Kerametlerinin Bir Kısmını Halka Anlatma İzni Olan Allah Dostu: Ladikli Aşık Ahmet Hüdai Hz
Selamun Aleyküm sevgili dostlar, bugün sizleri Peygamberler ve Evliyalar diyarı Konya’mızın nadide incilerinden biri ile tanıştırmak istiyorum.
Ladikli Ahmet Ağa (1888-1969) ümmi bir insan. Okuması yazması yok; ama, zaman ve mekan duvarını aşan bir “ğayb adamı”. Tayyi Zaman ve Tayyi Mekânları ile dünyanın dört bir yanında manevi hizmetlere katılmış, Ümmeti Muhammed’e yardım etmiş, darda kalanların yardımına koşmuş, duası anında kabul olan bir Allah dostu.
İnsanların akıllarından geçirdiklerini daha onlar dile getirmeden söyleyen, yüzlerce insanın şahit olduğu sayısız kerametlere sahip bir veli. “Üstadım” dediği, birlikte manevi vazifeler yaptığı hocası; HIZIR a.s.
Merhum Tahir Büyükkörükçü hocafendi bir vaazında şöyle der: “Ladikli Hacı Ahmet Ağa ile 25 sene dostluğumuz oldu. Kendisi yedilerden, ebdallerdendir. Yedilerin kalbi, Hz İbrahim Peygamberin kalbi üzeredir.
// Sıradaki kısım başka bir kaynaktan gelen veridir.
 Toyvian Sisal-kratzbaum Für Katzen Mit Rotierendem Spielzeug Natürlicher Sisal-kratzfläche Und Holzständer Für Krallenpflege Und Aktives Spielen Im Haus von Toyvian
Gece gündüz evine gider misafir olurduk. Ziyaretlerimiz genelde yatılı olurdu. Gece yarısı yaklaşınca Ahmet Ağa, ben bir vazifeye gidip geleyim siz istirahat edin derdi. Her gece vazifeye giderdi. Sabah onu görüp geceyi sorduğumuzda;
Bugün toplantı Kabe’nin kurbundaydı, bugün toplantı Huzuru Peygamberi (s.a.v)’deydi, bugün toplantı Hindistandaydı….. der, ruhani toplantılara katılırdı.
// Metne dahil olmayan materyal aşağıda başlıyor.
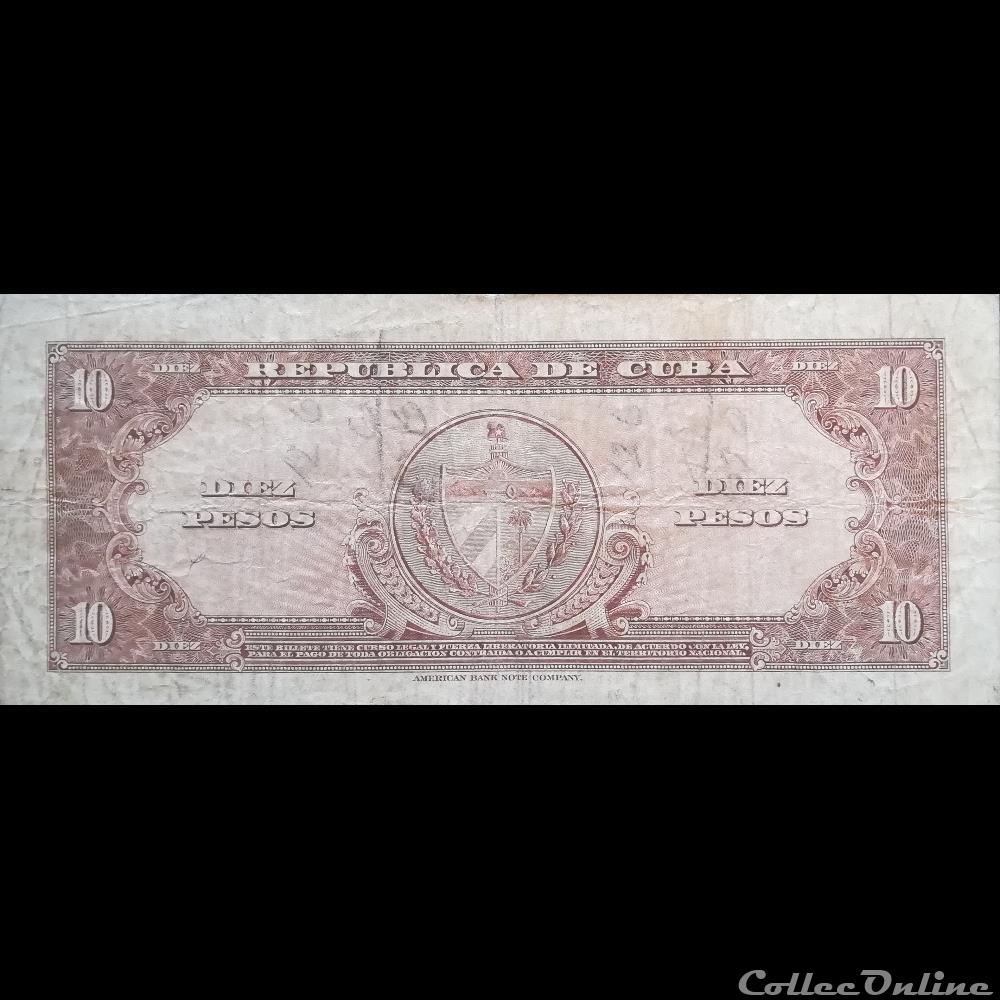 CUBA - P 079 A - 10 PESOS - 1949 billet amerique du nord cuba p 079 a 10 pesos 1949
Medrese görmediği halde bilmediği hiç bir şey yoktu. Peygamberlerin hayatlarını günlerce anlatır kitaplarda olmayan bilgileri de söylerdi. Hocası Hızır a.s’dan öğrendiği bilgilerin derinliğini anlatırdı.
Bir müşkülümüz olunca sorardık. Ahmet Ağa, tamam der giderdi. Sonra gelip, “Büyüklerimiz şöyle şöyle buyurdular” derdi.
Peki bu manevi dereceye nasıl kavuştu? derseniz; güzel ahlakı, cömertliği, merhameti, cesareti, kalbindeki Allah (cc) aşkı, Rasulullah (s.a.v) sevdası, az gülüp çok ağlaması, az uyuyup çok ibadet etmesi ve cihaddan asla geri kalmayıp türlü meşakkatlere katlanması ile der büyüklerimiz. Zira tam 26 sene askerlik yapmıştır Ahmet Hüdai hz. Yunanistan, Arnavutluk, Bulgaristan, Balkan Harbi, Birinci Dünya savaşı, Çanakkale, Hicaz cephesi, Irak Cephesi gibi birçok cephede kahramanca cihad etmiş, çok çileler çekmiş bir İstiklal savaşı gazisidir.
Gazilik maaşı neden almıyorsun? diye soranlara, “Birkaç günlük askerliğim var, onu da paraya mı çevireyim.” diye cevap verir.
Hocası HIZIR a.s ile tanışması Meşhur Kanal Harekâtında gerçekleşir. Ağlayan Filistin’in mahzun Gazze şehri civarı.. Ahmet Hüdai hz’nin de aralarında bulunduğu birlik, İngilizlerin pususuna düşer ve askerlerimizin nerdeyse hepsi şehit olur. Yarası çok ağır olan Ahmet Hüdai hz’nin de şehit olduğu sanılarak birlik geri çekilir. Hazret kendine geldiğinde ne kalkmaya ne de üç günlük mesafedeki karargâhına ulaşmaya mecali vardır.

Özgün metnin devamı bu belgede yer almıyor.